Problem requirements: In the listing below, look for "Lane" and copy every line that has it.

######

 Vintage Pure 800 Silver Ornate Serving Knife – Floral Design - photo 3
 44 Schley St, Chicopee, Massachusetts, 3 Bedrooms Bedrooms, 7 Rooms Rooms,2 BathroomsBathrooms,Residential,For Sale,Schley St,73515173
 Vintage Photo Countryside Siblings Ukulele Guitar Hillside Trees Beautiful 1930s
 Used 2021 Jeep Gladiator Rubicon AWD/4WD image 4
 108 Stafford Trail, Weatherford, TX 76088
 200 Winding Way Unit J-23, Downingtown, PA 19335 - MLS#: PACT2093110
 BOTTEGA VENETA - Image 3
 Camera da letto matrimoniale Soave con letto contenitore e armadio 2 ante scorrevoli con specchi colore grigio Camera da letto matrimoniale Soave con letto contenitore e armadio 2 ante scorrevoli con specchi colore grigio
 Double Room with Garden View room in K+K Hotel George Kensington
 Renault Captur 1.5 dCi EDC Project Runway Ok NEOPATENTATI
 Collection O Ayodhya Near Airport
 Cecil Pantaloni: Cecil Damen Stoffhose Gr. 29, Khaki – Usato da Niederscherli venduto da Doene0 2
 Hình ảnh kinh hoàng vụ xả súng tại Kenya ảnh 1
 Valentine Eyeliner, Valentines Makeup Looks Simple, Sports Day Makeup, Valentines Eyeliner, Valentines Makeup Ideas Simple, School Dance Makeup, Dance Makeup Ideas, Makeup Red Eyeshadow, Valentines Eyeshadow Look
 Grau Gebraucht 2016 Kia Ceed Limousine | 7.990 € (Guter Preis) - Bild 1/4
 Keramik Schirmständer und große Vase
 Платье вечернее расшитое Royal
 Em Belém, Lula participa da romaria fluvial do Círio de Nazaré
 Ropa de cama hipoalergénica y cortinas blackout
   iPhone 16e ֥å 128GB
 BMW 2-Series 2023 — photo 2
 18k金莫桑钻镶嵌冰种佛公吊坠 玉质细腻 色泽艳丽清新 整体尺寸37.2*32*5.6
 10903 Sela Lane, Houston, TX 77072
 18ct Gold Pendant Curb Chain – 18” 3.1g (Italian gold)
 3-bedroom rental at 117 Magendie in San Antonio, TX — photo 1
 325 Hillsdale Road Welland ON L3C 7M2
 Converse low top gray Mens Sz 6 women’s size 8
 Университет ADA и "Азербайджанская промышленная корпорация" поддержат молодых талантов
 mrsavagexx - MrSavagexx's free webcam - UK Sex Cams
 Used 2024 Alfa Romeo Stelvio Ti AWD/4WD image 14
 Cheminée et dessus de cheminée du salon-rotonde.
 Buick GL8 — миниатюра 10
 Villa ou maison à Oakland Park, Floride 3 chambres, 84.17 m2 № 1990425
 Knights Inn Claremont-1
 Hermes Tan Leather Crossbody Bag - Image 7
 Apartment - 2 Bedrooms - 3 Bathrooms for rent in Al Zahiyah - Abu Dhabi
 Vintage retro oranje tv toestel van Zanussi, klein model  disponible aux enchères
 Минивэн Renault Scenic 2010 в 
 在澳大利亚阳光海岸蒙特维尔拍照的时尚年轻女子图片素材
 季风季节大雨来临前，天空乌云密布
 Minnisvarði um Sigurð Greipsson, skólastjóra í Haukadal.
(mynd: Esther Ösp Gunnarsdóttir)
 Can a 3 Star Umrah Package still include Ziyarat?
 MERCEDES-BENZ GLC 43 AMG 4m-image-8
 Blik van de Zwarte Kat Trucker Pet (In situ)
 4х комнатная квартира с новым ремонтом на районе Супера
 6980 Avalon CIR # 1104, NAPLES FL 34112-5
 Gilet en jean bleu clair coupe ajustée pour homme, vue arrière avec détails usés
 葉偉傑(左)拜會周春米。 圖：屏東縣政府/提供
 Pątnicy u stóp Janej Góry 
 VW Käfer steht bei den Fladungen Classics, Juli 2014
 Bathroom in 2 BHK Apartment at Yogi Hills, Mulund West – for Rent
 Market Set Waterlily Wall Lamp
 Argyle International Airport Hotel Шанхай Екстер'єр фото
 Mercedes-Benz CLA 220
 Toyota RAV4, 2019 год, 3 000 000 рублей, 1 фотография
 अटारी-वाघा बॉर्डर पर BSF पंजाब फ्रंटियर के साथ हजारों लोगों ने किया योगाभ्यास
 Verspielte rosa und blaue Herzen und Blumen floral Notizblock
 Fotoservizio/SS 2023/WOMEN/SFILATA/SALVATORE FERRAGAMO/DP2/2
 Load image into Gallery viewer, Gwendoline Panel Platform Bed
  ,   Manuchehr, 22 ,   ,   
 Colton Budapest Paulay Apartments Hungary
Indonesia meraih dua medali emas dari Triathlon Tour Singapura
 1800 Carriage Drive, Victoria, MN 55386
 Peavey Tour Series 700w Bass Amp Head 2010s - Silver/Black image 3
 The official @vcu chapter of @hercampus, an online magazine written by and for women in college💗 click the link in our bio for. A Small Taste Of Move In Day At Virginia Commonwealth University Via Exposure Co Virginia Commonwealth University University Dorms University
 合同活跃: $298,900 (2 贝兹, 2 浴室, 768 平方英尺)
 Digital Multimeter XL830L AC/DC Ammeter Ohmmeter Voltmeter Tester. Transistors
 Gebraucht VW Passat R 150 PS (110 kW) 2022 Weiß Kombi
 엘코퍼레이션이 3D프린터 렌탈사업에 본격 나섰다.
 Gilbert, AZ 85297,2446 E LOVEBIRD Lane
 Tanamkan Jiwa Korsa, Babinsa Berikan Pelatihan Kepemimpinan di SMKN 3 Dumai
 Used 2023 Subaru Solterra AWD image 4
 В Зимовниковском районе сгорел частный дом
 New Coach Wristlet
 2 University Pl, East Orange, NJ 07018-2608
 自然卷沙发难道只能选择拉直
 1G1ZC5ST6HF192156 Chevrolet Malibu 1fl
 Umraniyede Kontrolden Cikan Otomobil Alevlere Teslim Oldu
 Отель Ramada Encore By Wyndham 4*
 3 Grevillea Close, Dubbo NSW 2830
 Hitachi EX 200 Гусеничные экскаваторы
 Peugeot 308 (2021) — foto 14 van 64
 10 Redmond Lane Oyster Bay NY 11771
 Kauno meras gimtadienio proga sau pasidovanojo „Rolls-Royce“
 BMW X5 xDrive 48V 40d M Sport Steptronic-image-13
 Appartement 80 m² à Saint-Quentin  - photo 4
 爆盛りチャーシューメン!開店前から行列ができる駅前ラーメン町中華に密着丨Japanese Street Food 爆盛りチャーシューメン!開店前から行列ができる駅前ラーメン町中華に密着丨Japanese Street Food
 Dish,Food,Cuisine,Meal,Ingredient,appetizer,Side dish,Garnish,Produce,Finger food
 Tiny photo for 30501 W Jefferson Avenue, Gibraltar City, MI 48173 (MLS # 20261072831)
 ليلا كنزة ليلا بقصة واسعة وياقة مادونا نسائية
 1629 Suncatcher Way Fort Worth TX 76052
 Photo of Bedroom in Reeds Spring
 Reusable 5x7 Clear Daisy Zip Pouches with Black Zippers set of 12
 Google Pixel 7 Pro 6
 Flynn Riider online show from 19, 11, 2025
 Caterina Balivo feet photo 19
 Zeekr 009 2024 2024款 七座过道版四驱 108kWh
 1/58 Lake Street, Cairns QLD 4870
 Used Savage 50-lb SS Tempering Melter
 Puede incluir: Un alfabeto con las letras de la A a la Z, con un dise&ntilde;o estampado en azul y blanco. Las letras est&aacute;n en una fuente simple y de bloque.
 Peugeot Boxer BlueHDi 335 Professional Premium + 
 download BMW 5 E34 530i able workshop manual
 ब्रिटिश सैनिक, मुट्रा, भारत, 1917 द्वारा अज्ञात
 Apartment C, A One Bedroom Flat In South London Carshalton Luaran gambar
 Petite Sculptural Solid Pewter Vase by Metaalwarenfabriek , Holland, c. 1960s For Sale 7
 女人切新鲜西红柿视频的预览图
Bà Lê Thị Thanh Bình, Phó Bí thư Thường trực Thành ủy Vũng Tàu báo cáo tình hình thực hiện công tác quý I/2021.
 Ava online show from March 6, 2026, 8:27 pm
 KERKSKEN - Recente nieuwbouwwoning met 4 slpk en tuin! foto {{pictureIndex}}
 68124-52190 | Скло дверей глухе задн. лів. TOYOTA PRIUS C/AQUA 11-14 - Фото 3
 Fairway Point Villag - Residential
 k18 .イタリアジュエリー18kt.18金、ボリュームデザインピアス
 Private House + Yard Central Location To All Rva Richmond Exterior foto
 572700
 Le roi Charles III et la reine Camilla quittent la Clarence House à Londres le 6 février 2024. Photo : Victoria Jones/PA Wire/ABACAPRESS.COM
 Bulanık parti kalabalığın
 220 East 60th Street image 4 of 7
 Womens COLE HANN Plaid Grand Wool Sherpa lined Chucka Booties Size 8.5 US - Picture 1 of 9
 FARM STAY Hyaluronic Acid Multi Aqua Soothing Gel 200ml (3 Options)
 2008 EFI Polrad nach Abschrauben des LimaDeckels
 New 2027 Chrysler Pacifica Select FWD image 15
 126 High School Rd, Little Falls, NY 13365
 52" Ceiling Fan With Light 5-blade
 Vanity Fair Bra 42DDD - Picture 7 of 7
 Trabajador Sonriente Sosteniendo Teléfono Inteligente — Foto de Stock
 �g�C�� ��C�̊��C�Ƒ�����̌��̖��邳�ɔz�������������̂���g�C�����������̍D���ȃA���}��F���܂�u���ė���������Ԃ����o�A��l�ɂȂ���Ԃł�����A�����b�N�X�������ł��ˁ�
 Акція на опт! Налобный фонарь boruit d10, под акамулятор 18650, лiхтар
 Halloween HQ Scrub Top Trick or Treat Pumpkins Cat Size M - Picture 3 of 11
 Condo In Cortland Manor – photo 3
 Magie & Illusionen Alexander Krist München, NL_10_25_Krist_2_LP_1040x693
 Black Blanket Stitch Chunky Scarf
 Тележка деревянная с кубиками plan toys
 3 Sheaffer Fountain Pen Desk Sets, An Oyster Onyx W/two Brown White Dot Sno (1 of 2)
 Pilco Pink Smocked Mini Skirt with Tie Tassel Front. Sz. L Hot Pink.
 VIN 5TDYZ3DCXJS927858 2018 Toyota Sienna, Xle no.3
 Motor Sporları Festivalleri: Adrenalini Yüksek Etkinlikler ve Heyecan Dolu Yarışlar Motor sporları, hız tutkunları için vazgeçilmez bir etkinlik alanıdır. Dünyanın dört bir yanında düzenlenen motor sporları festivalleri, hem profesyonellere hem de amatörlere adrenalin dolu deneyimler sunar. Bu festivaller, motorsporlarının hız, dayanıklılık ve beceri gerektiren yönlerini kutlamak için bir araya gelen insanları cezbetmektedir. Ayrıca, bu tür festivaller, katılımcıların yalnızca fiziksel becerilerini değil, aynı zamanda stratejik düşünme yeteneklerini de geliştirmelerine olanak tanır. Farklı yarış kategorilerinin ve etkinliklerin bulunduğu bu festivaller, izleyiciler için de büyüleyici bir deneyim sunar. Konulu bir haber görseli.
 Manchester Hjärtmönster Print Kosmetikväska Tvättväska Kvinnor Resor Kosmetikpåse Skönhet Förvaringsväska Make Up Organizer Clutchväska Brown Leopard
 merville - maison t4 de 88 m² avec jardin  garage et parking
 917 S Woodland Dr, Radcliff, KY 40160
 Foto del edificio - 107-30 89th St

######

Your solution:
 10903 Sela Lane, Houston, TX 77072
 Gilbert, AZ 85297,2446 E LOVEBIRD Lane
 10 Redmond Lane Oyster Bay NY 11771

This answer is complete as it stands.